Source data>
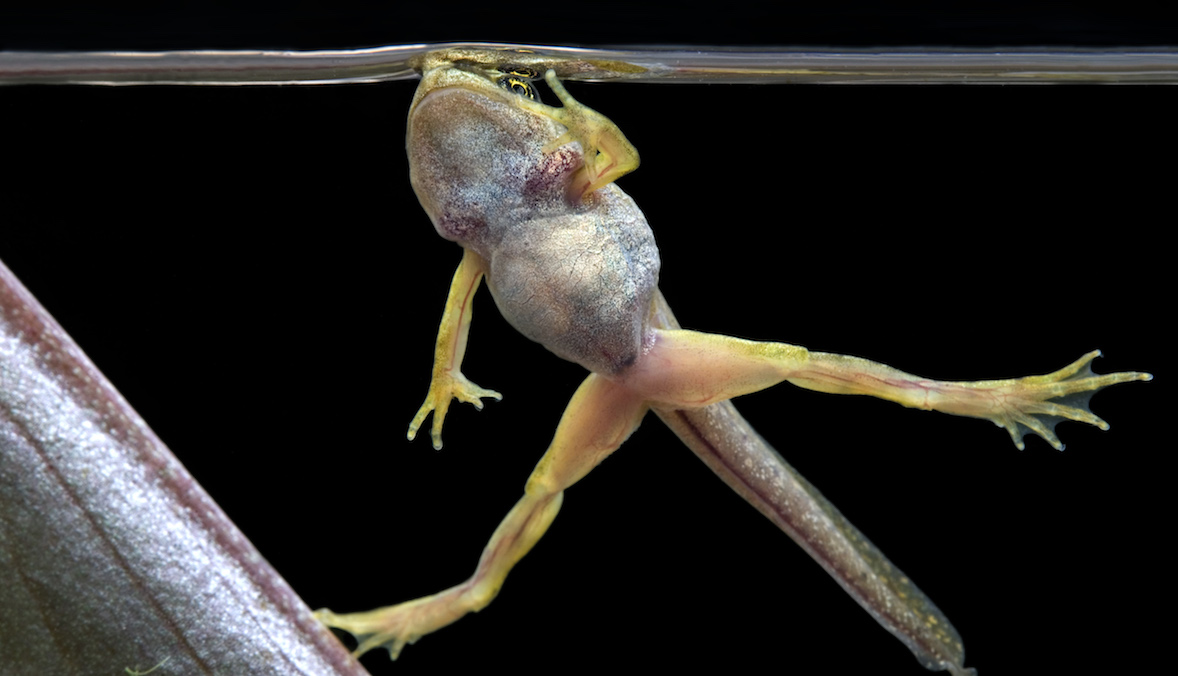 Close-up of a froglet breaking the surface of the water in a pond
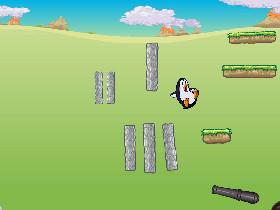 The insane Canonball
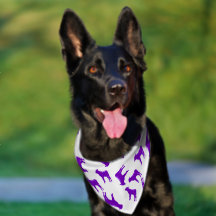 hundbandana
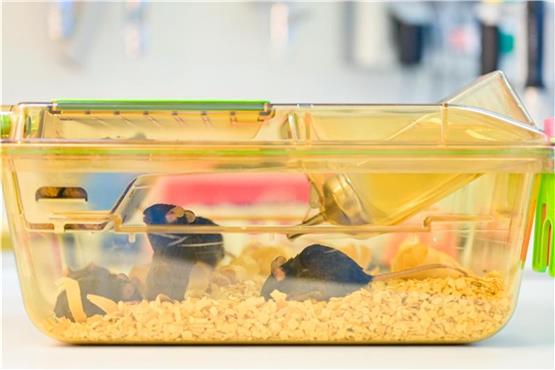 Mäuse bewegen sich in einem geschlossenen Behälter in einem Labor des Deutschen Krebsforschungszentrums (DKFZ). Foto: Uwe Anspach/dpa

Exercise>
When the listing is transcribed, every line must match the original exactly, and the pictures must be left out.

Solution for this task>
 Close-up of a froglet breaking the surface of the water in a pond
 The insane Canonball
 hundbandana
 Mäuse bewegen sich in einem geschlossenen Behälter in einem Labor des Deutschen Krebsforschungszentrums (DKFZ). Foto: Uwe Anspach/dpa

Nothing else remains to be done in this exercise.